__Task statement__
In the data below, find the line with "Hemline H420.21 |" and output it along with every later line, exactly, but not the pictures.

__Available data__
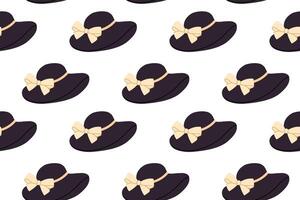 Seamless pattern with black wide-brim hats and beige bows vector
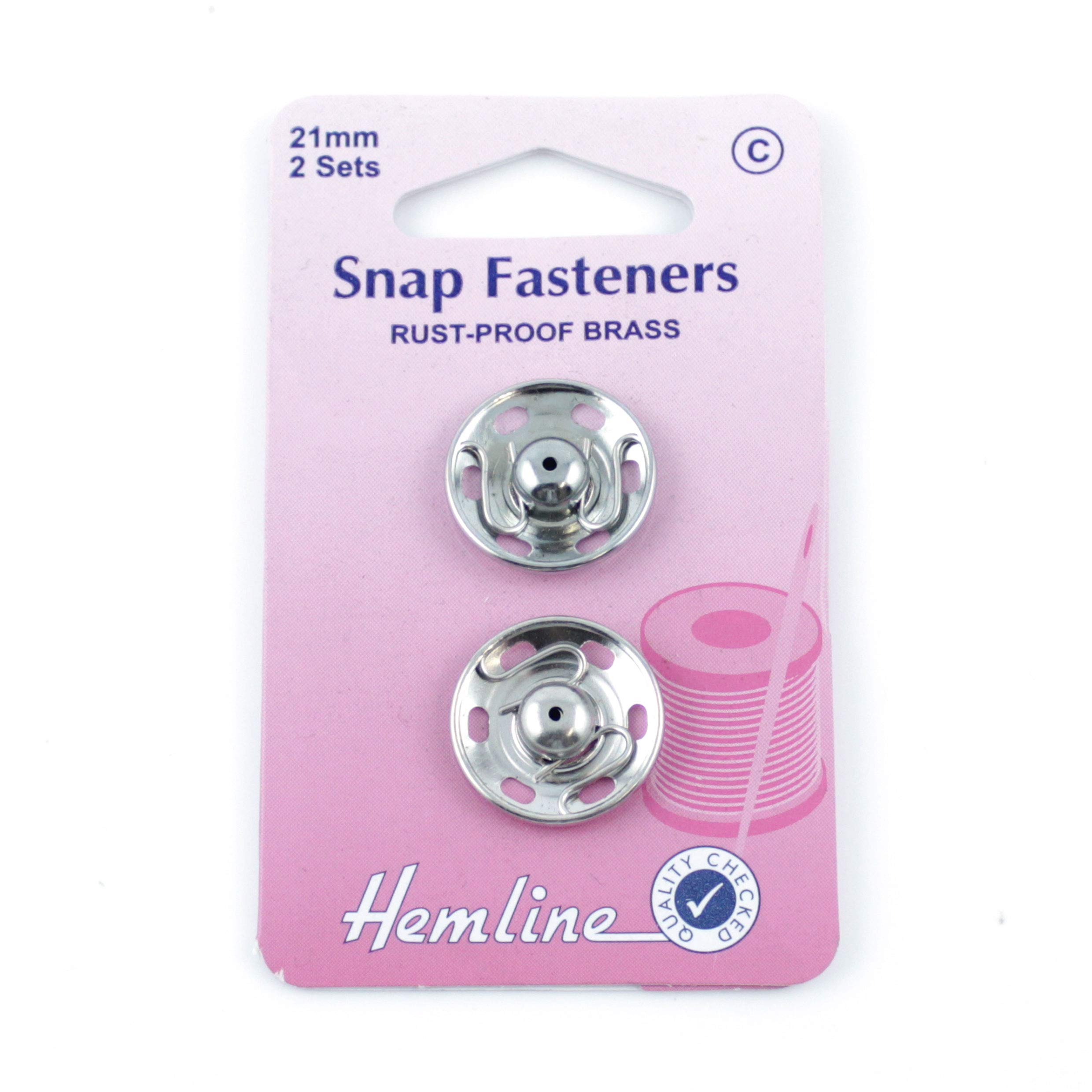 Hemline H420.21 | Nickel Brass Rust Proof Sew On Snap Fasteners | 21mm | 2 Sets by Hemline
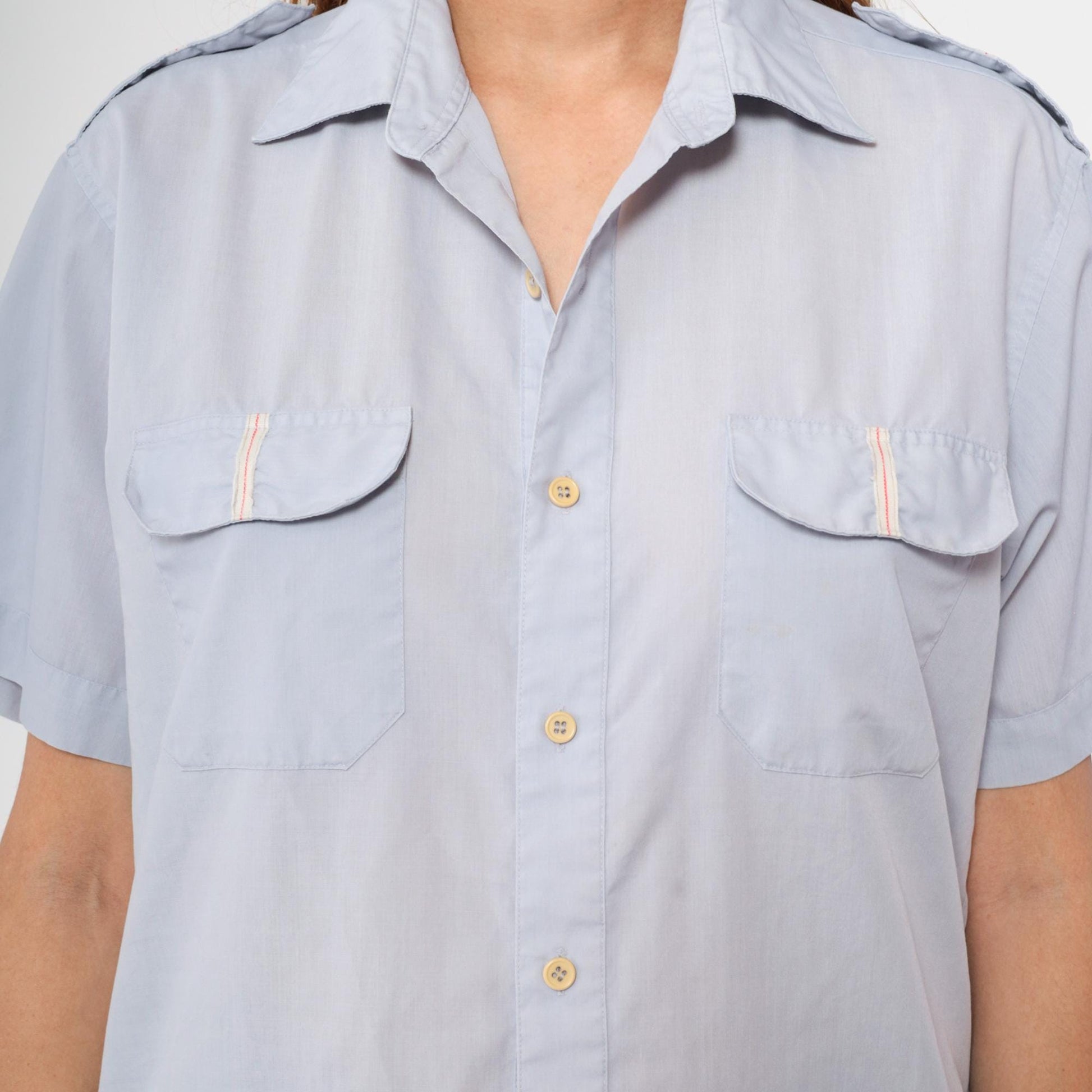 80s Claybrooke Grey-Blue Utility Shirt Button Up Chest Pocket Medium M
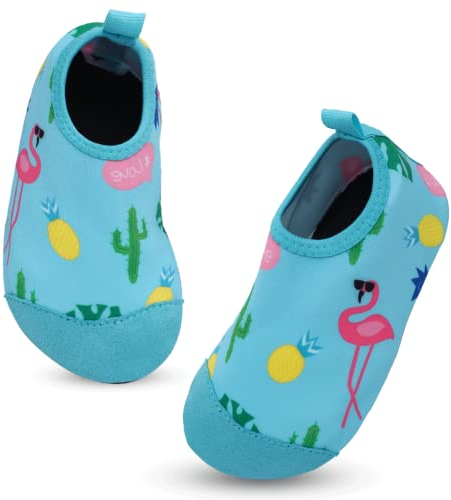 Chaussures Aquatiques Enfant Garçon Fille Chaussures de Plage Séchage Rapide Antidérapant Pieds Nus Chaussettes de d'eau Chaussons Barefoot Piscine Aqua Surf Nager Plongée Sport 24/25EU Flamants Roses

__Answer to this problem__
 Hemline H420.21 | Nickel Brass Rust Proof Sew On Snap Fasteners | 21mm | 2 Sets by Hemline
 80s Claybrooke Grey-Blue Utility Shirt Button Up Chest Pocket Medium M
 Chaussures Aquatiques Enfant Garçon Fille Chaussures de Plage Séchage Rapide Antidérapant Pieds Nus Chaussettes de d'eau Chaussons Barefoot Piscine Aqua Surf Nager Plongée Sport 24/25EU Flamants Roses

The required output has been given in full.